#### [AVAILABLE RECORDS]
= = = = = = =

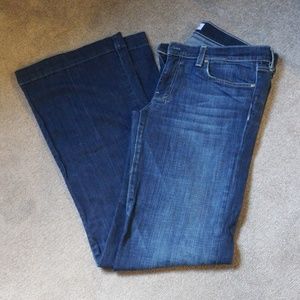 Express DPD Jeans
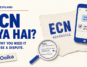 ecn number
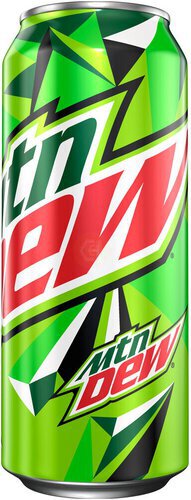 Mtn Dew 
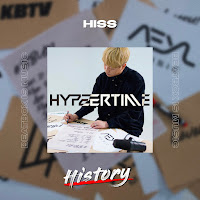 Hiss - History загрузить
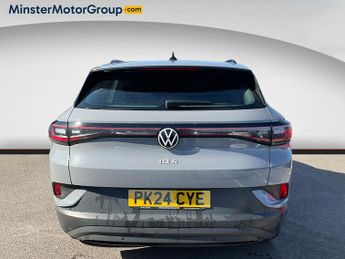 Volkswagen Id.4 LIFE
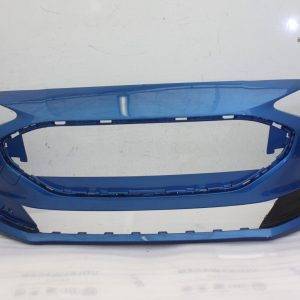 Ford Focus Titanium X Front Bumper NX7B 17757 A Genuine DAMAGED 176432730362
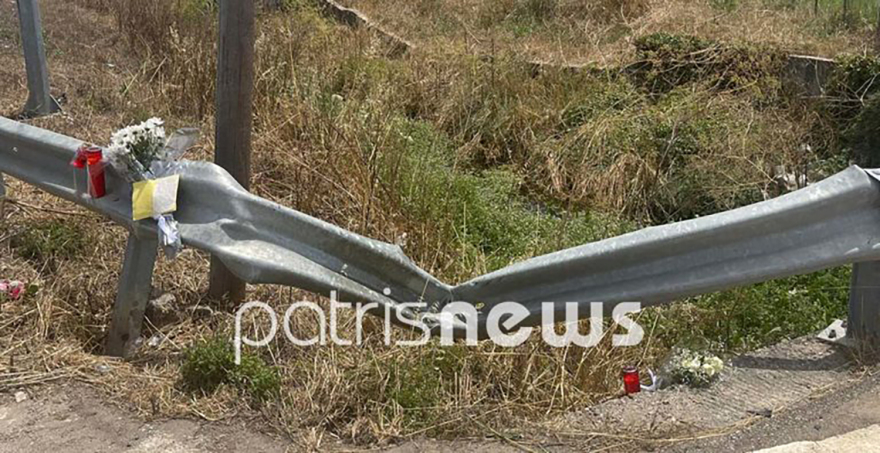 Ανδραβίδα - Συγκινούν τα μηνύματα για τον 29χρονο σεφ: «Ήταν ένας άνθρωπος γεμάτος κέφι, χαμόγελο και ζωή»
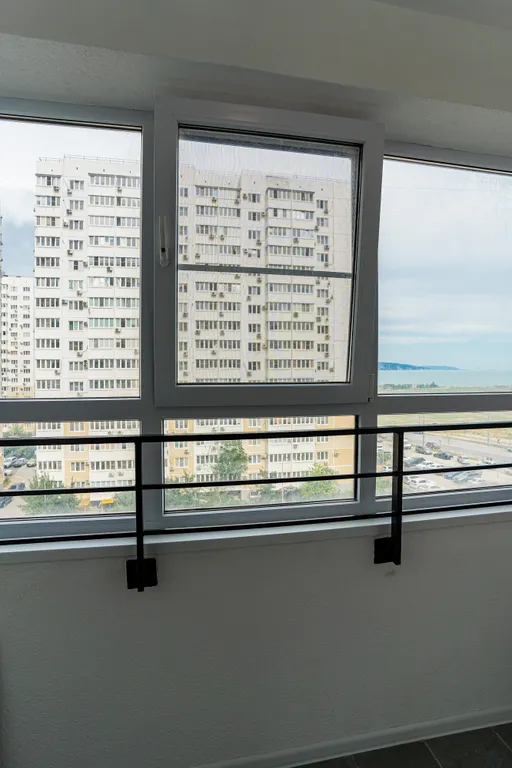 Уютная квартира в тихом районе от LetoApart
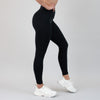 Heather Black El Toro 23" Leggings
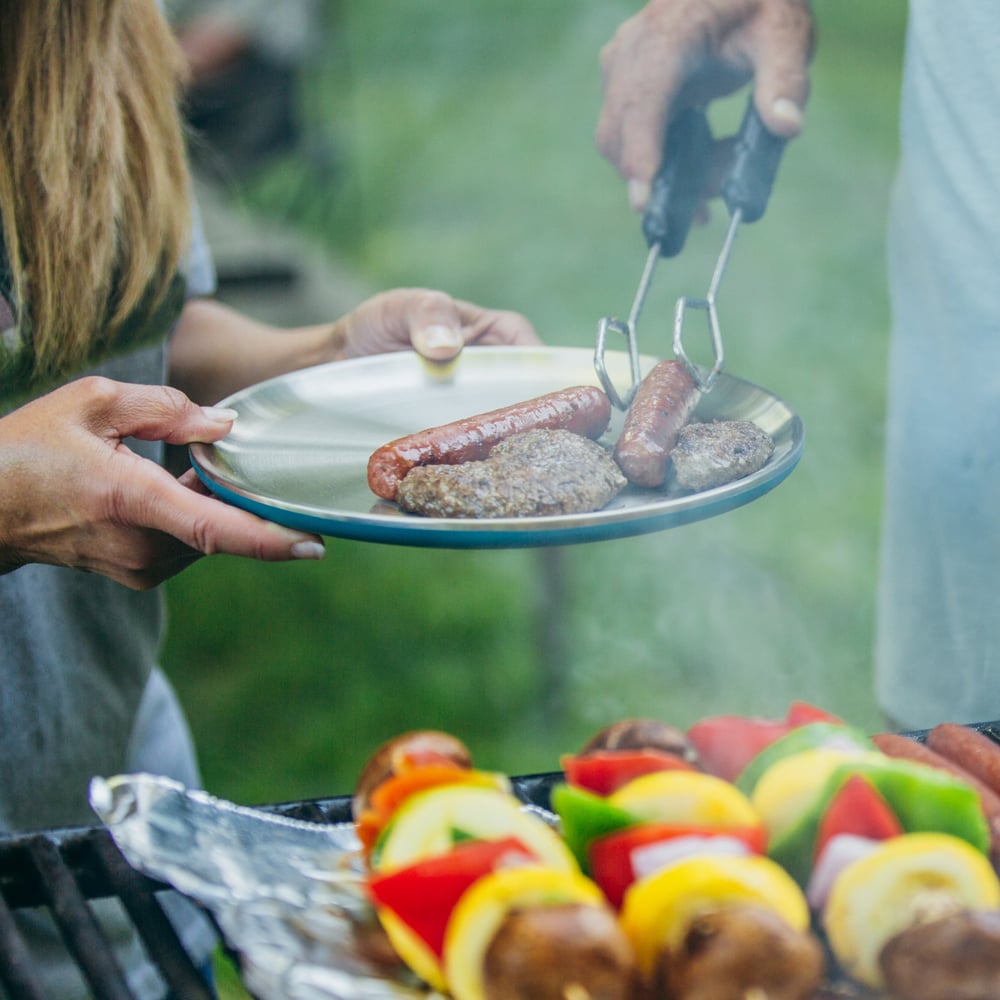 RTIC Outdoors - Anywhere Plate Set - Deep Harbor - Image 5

= = = = = = =

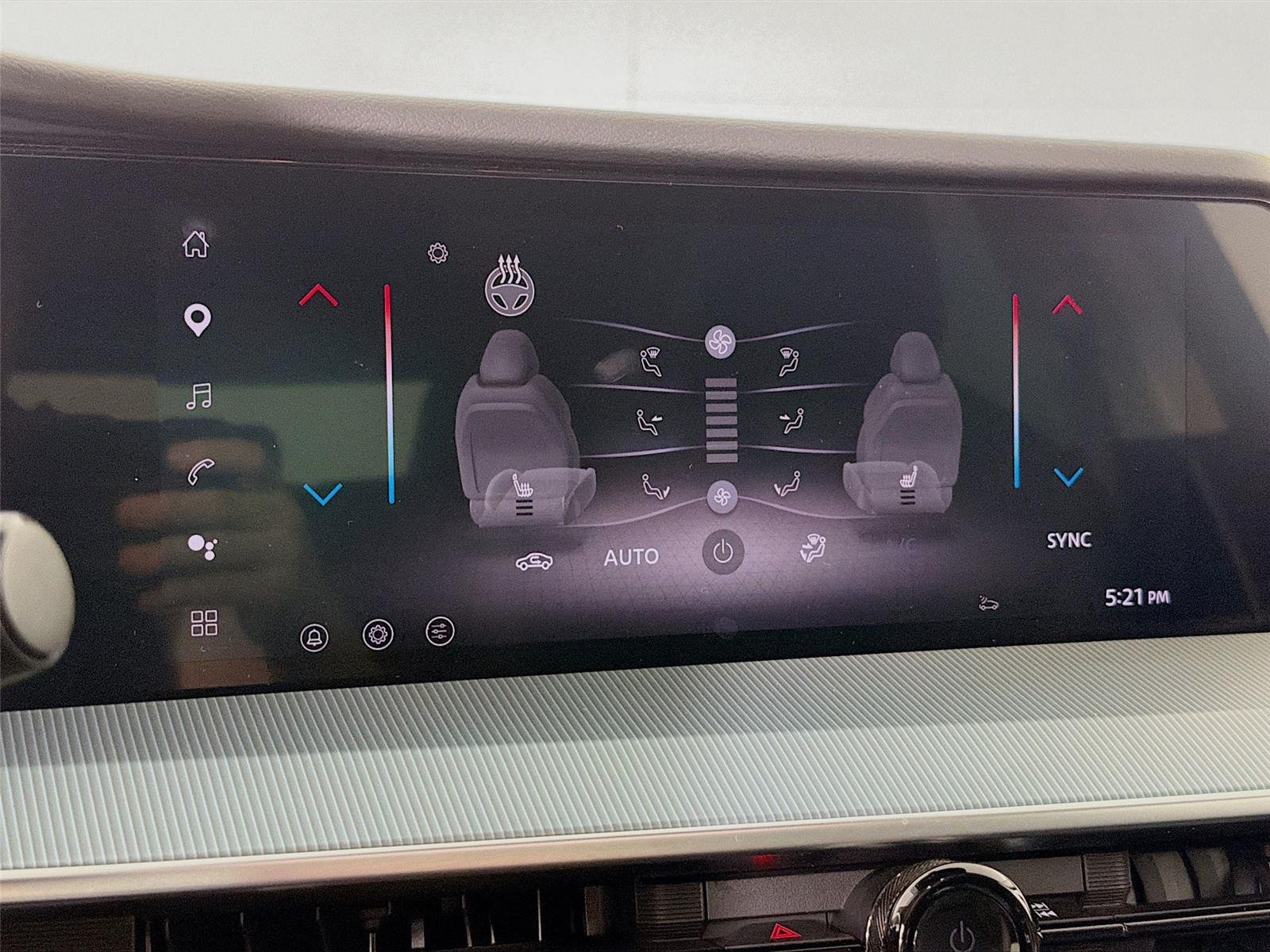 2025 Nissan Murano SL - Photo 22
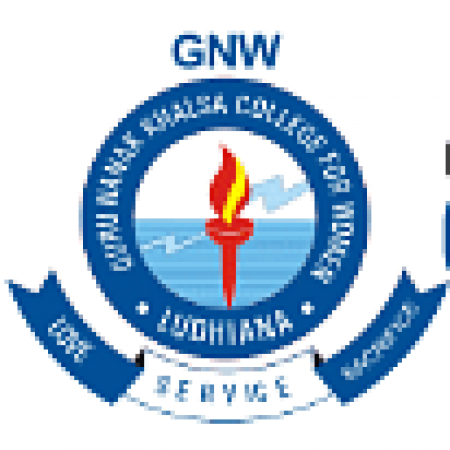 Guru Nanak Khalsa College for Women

= = = = = = =

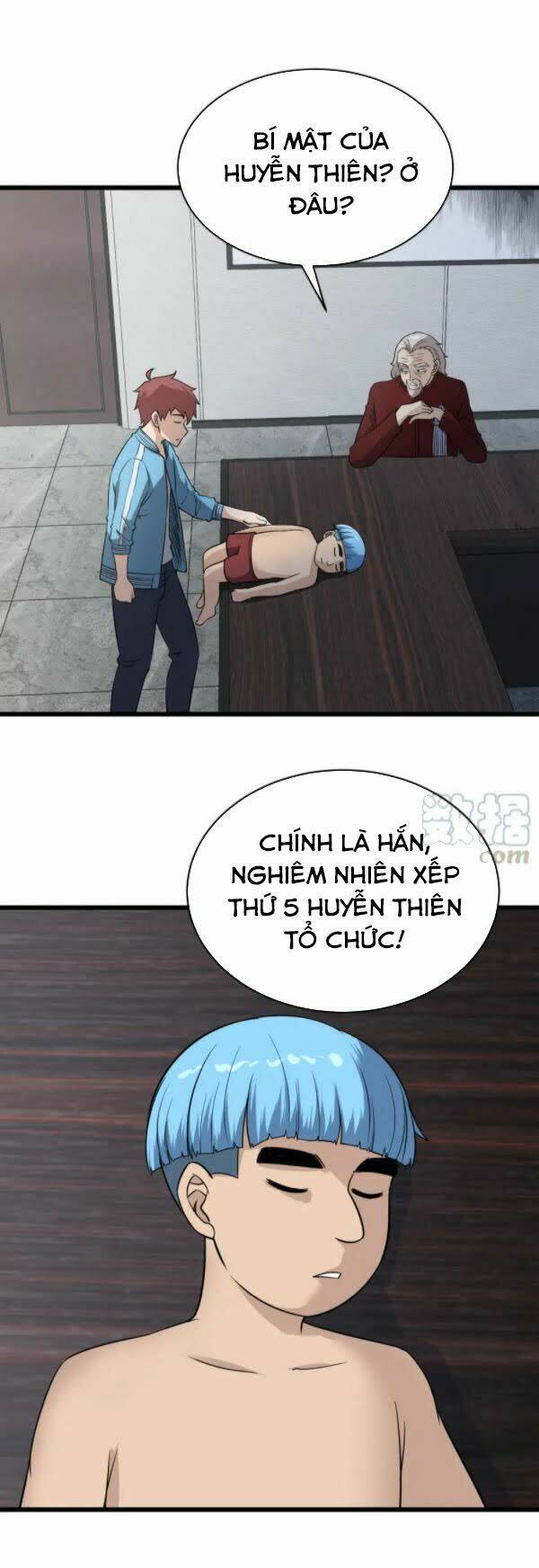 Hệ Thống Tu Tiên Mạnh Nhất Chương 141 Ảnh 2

= = = = = = =

#### [AIM OF THE EXERCISE]
In the entries above, every line from the line with "2025 Nissan Murano SL - Photo 22" to the line with "Guru Nanak Khalsa College for Women" is to be printed exactly, with both ends included and pictures excluded.

#### [OUTPUT BELOW]
 2025 Nissan Murano SL - Photo 22
 Guru Nanak Khalsa College for Women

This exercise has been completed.